WORK INSTRUCTION:
Return the stretch from the line with "Koulenka křovitá (Globularia alypum L.)" through the line with "Тигрёнок Инфинити-электрик !" in the data below, character for character, skipping all pictures.

++++ DATA ++++

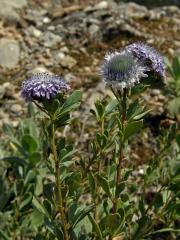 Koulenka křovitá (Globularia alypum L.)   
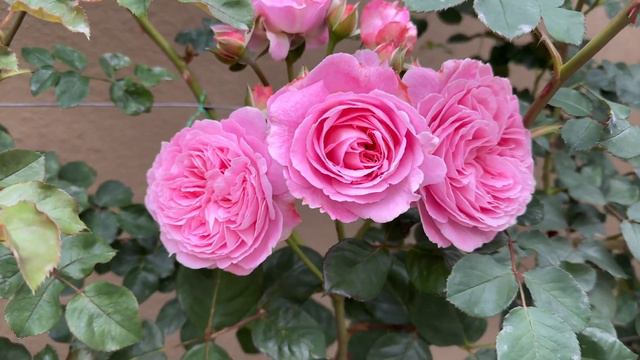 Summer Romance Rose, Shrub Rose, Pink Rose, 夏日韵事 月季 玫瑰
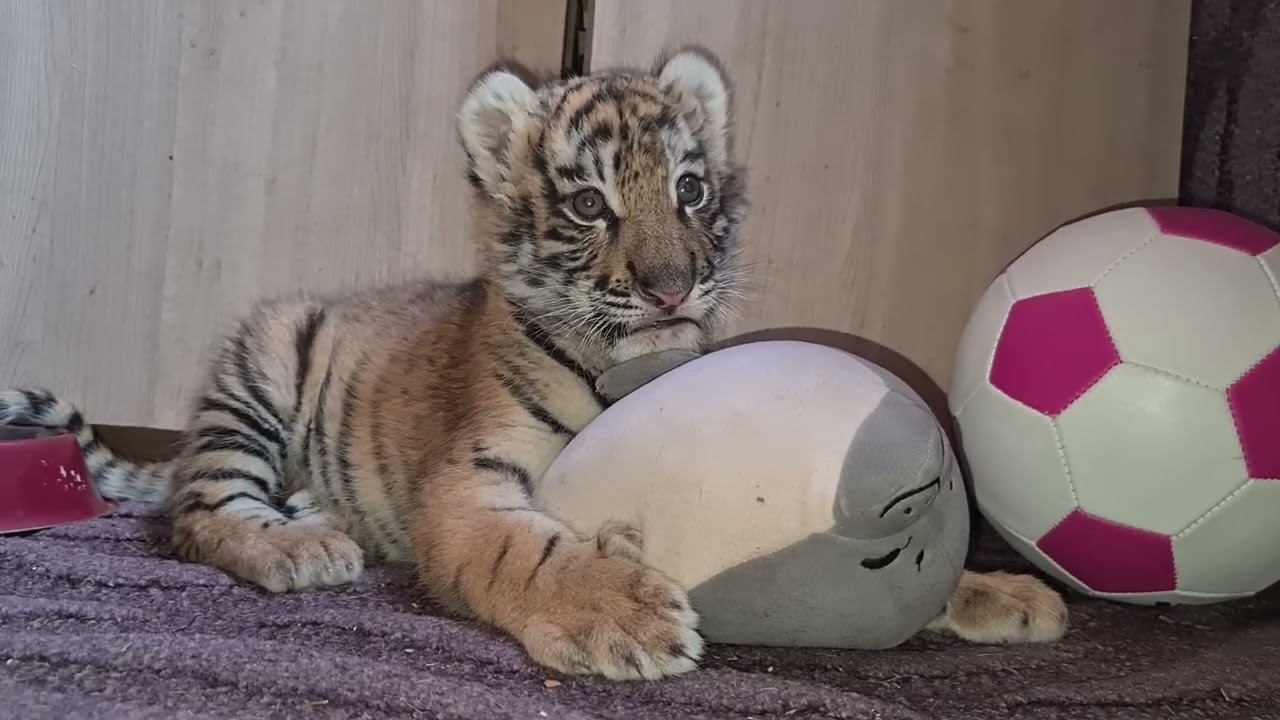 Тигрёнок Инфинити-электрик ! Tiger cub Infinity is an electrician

++++
++++ DATA ++++

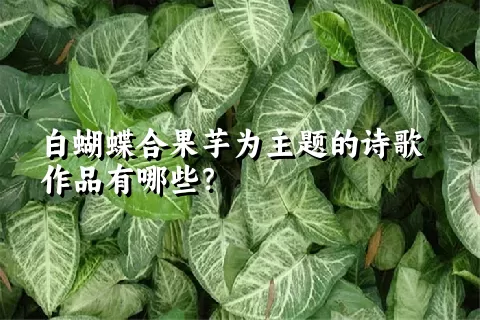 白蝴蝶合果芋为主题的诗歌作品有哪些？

++++

ANSWER AREA:
 Koulenka křovitá (Globularia alypum L.)   
 Summer Romance Rose, Shrub Rose, Pink Rose, 夏日韵事 月季 玫瑰
 Тигрёнок Инфинити-электрик ! Tiger cub Infinity is an electrician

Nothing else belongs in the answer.